'Ismaels Orangen' - Seiten 160 - 249

  • Ach, noch keiner da???


    Judit und Salim versuchen sich ihren Familien vorzustellen, was zuerst and Hassan misslingt.
    Judit hat sich ihrem Onkel anvertraut aber der meint auch, dass sie sich da verrenne und eine Verbindung zwischen einer Jüdin und einem Araber nie und nimmer gut ginge.


    Es scheint ausweglos, Judit macht Salim in der Verzweiflung das Angebot, mit ihm nach Palästina zu reisen, gemeinsam nach Wurzeln zu suchen aber er missversteht sie.


    Nachdem er einen Brief seines verschollenen Bruders bekommen hatte aber noch nicht reagiert, fliegt er kurzerhand nach Beirut.


    Ein ihm fremder Bruder, erwachsen und weltmännisch und anscheinend zu Geld gekommen, begrüßt ihn überschwänglich. Zeigt ihm das Nachtleben Beiruts, macht ihn mit Freunden, die Verbindung zur PLO zu haben scheinen, bekannt und erwartet, dass Salim sich ihnen anschließt und kämpft.
    Die Mutter ist ihm ebenfalls fremd geworden und überall, wo er Heimat sucht erscheint ihm Judits Bild vor Augen so dass er schnurstracks packt und zurück nach London fliegt.

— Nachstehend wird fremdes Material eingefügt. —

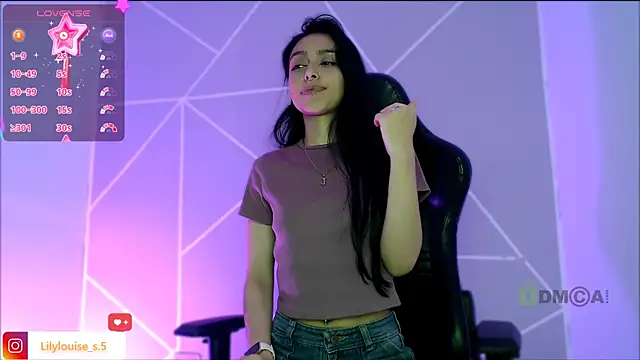 Snapshot of lilylouisee chatting on 7, 11, 2025 lilylouisee online show from 7, 11, 2025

    OB sie sich selbst genug sein können?? Kein Mensch ist einen Insel und kann ohne Unterstützung der Familie oder Freunde auskommen, zumindest nicht auf Dauer.


    Und doch haben sich da zwei gefunden, heimatlos in ihren Herzen und versuchen sich nun Heimat zu sein. Traurig, aber man hofft, es möge ihnen gelingen.

  • Hab nur ich das Gefühl oder geht die Liebesgeschichte zwischen den beiden sehr schnell voran? Sie hatten sich kaum kennengelernt, schon gab es einen Zeitsprung. Das fand ich schade, denn ich hätte die beiden gern beim Kennenlernen begleitet.


    Der Hass der Familien und das Geschimpfe erinnerte mich an Romeo & Julia. Mal sehen, ob ich den Gedanken noch loswerde.


    Die Reise Salims in den Libanon war für mich schon erschreckend. Denn dort konnte ich richtig spüren, wie sein kleiner Bruder versucht hat ihn für seine Sache zu gewinnen. Das Ganze klang mir gefährlich nach Terror. Zum Glück ist Salim nach England zurückgekehrt.


    Ich finde es erstaunlich, wie tief verwurzelt der Hass in den Familien ist. Obwohl keine der beiden Familien den verhassten Feind persönlich zu kennen scheint, schreien sie Blut und Tod. Krass!

  • Jetzt fesselt die Geschichte mich sehr. Ein Satz auf Seite 172 hat mich sehr nachdenklich gemacht und zwar:


    "Warum" war das Wort, das Jude sich schon vor langer Zeit ganz bewusst abgewöhnt hatte- so wie alle anderen Juden auf der Welt.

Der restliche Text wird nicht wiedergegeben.